Although it is not possible to predict all of the information that will be necessary for a transaction to progress, we have set out in this guide the various documents and information that is commonly required throughout a commercial property transaction.

Commercial Property Standard Enquiries

Standard enquiries of the seller will be raised by the buyer (these may include but are not limited to providing information regarding the property’s planning status or location of drains and highways). Additional enquiries may be raised throughout the transaction as the buyer’s solicitor considers appropriate, but may be avoided if comprehensive answers are provided early on.

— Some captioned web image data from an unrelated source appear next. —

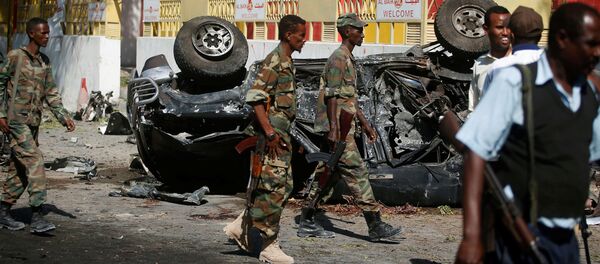 Вооруженные силы Сомали на месте атаки ресторана боевиками Аш-Шабааб в Могадишо - Sputnik Afrique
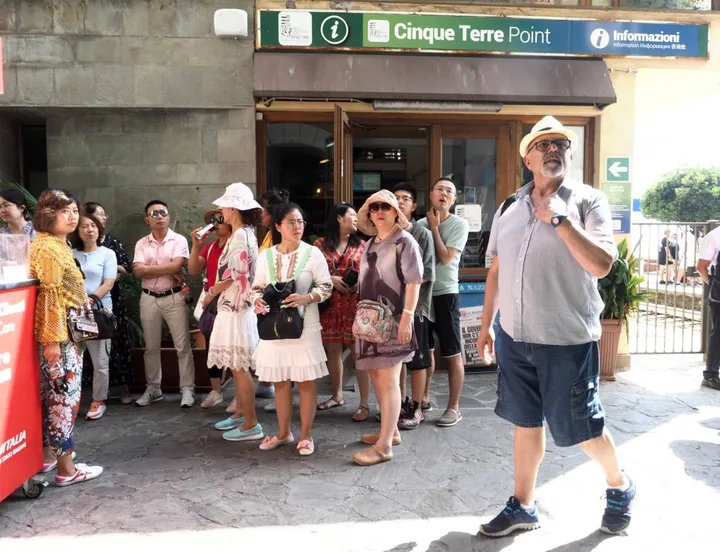 Turisti alla stazione ferroviaria di Manarola (immagine di archivio)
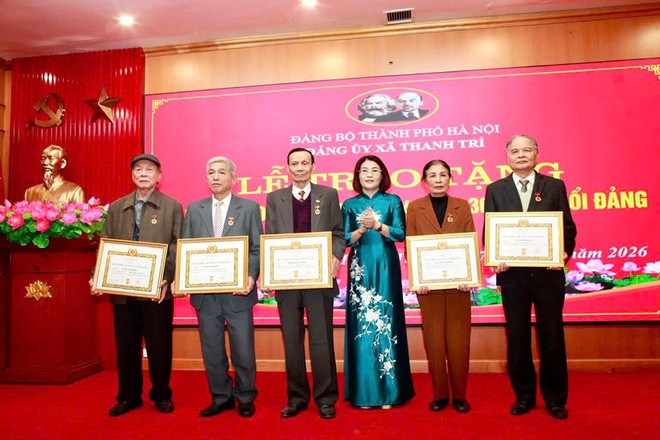 Chủ tịch Ủy ban MTTQ Việt Nam Thành phố Bùi Huyền Mai trao Huy hiệu Đảng tại xã Thanh Trì, phường Tây Hồ- Ảnh 2.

If you do not have recent copies of the following reports, we recommend commissioning them in advance:

  • an Asbestos Report (note that an asbestos report is required for any property built prior to 1999);
  • a Fire Risk Assessment Report (it is the responsibility of the owner of a property to carry out fire risk assessments).

Energy Performance Certificate (EPC)

An EPC is legally required to be supplied by the seller prior to the sale of a property. The EPC provides the asset rating of a building from A to G (by examining the property’s radiators, insulation, boilers etc.). If there is no EPC for the property or it has expired, then you should commission a new certificate before the property is put on the market to allow time for any improvement works which may be necessary to ensure the building complies with the minimum standard required.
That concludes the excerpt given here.